Pharmacien Manager. Vous avez une double formation en gestion et philosophie. Comment avez-vous été amené à réfléchir à la pharmacie ?
Xavier Pavie. Les pharmaciens m’ont sollicité. J’enseigne le service et l’innovation. Il y a cinq ou six ans, un laboratoire s’est interrogé sur la façon de faire monter en compétence la pharmacie sur la notion de service. J’ai alors eu des premiers pharmaciens en cours et j’ai pu constater que ces thématiques rejoignent pleinement leurs problématiques. En effet, la pharmacie – comme les taxis, les librairies ou la location de voiture – est un secteur dans lequel la différenciation ne se fait ni sur le prix, ni sur le produit, ni sur la distribution, ni sur la publicité. En pharmacie, le médicament est le même partout, son prix est régulé, la publicité également, enfin tout le monde distribue à travers sa “petite” officine.

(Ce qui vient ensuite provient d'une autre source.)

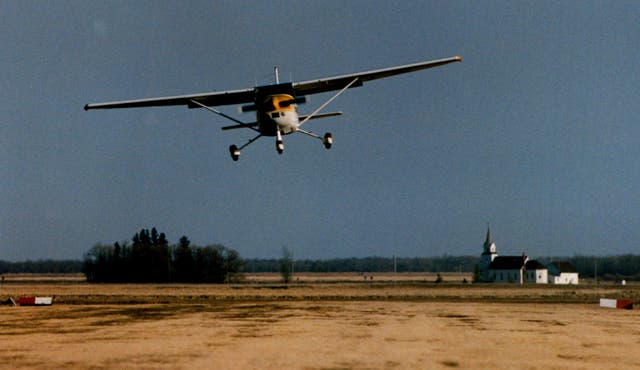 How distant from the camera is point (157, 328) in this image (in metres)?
32.3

P.M. Au-delà du prix, pourquoi Uber a su séduire
X.P. Uber se différencie par le processus, l’environnement physique et la personne. Concrètement, chez eux, pour réserver une voiture il faut avoir procuré ses coordonnées de carte bancaire. La voiture est propre, une bouteille d’eau est à disposition et, enfin, le chauffeur, en costume-cravate, est poli, agréable… Or les taxis sont généralement sales, mal aimables et vous devez payer en cash.
P.M. L’officine peut-elle s’inspirer du modèle Uber ?
X.P. Pour se différencier, il faut d’abord un environnement physique différent, or les 23 000 pharmacies de France se ressemblent toutes. Aucune ne s’adapte en fonction de sa proximité d’une crèche, d’un centre sportif, d’une maison de retraite… En quoi l’expérience de vie change-t-elle ? Un pharmacien ou une préparatrice qui va travailler dans une autre ville continuera à travailler de la même façon, or on a besoin d’avoir du personnel différent en fonction des services que l’on veut proposer. Enfin, le processus [le parcours client, NdlR] est le même pour tous : le patient va chez le médecin, qui lui donne un bout de papier. Cette feuille est ensuite remise au pharmacien qui se tourne pour prendre des boîtes dans son stock et les remet au client. Aucune pharmacie ne se différencie sur cette façon de faire. Pourtant ce point ne pose aucun problème juridique ou de coût. Amazon, lui, a proposé une autre façon de livrer un livre et les libraires finissent par disparaître.
P.M. Diriez-vous que les pharmacies vont disparaître aussi ?
X.P. On a 50 % de pharmacies de trop. On doit arriver à 10 000 pharmacies. Regardez, il y a quelques années, on comptait 40 000 station-services. Aujourd’hui il en reste 20 000 et personne ne tombe en panne. Il y a deux raisons à cela : une liée à la technologie – les voitures roulent plus longtemps en consommant moins –, et l’autre au réseau, mieux organisé. Pour la pharmacie, le vrai concurrent ce n’est pas E. Leclerc mais Amazon. Imaginez : le médecin envoie une ordonnance à la plate-forme Amazon, qui livre en moins d’une heure. C’est déjà le cas pour les produits frais à Seattle. Non seulement vous allez recevoir votre Doliprane chez vous – et ça tombe bien parce que vous n’êtes pas en forme –, et, en plus, il sera remis par un diplômé en pharmacie ! Enfin, si vous êtes une personne âgée, ce pharmacien enverra un SMS à vos enfants pour les avertir que les médicaments sont parvenus à bon port et placés dans un pilulier. Et tout cela coûtera moins cher qu’actuellement, puisqu’on n’aura pas besoin d’une officine pour porter ce service.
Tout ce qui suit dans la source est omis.